Nicole Kumpis: Wir haben es schon krachen lassen (lacht). Wir sind auf dem Sofa aufgestiegen und haben direkt an dem Tag mit vielen Fans im Stadion gefeiert und dann noch einmal eine Woche später nach dem letzten Saisonspiel.

Sie sind die einzige Präsidentin im deutschen Profi-Fußball. Gab es in irgendeiner Form von Spielern eine besondere Rückmeldung?

Tatsächlich nicht, aber viele Spieler und Verantwortliche kannten mich, weil ich bis April 2021 bei der Eintracht als Vorständin der Stiftung gearbeitet habe und im Winter 2021 als Vizepräsidentin schon zurück war.
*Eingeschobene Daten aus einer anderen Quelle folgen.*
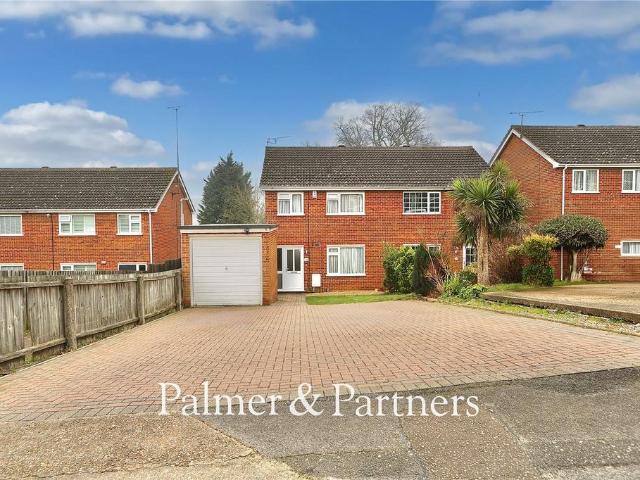 House for sale in Maidenhall, Key Street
Was hat sich seit Ihrer Wahl geändert?

Zunächst hat es gedauert, bis ich es verarbeiten konnte. Am selben Abend gab ich sehr viele Interviews, danach wurde gefeiert und am nächsten Morgen stand ein weiterer Presse-Marathon an. Mir ist aber auch gleichzeitig ein großer Stein vom Herzen gefallen, weil es ein intensiver Wahlkampf war.

Einerseits wird medial immer wieder betont, dass Sie die einzige Präsidentin im deutschen Fußball sind, andererseits wäre ja der Optimalfall, dass das Geschlecht gar keine Rolle spielt, oder?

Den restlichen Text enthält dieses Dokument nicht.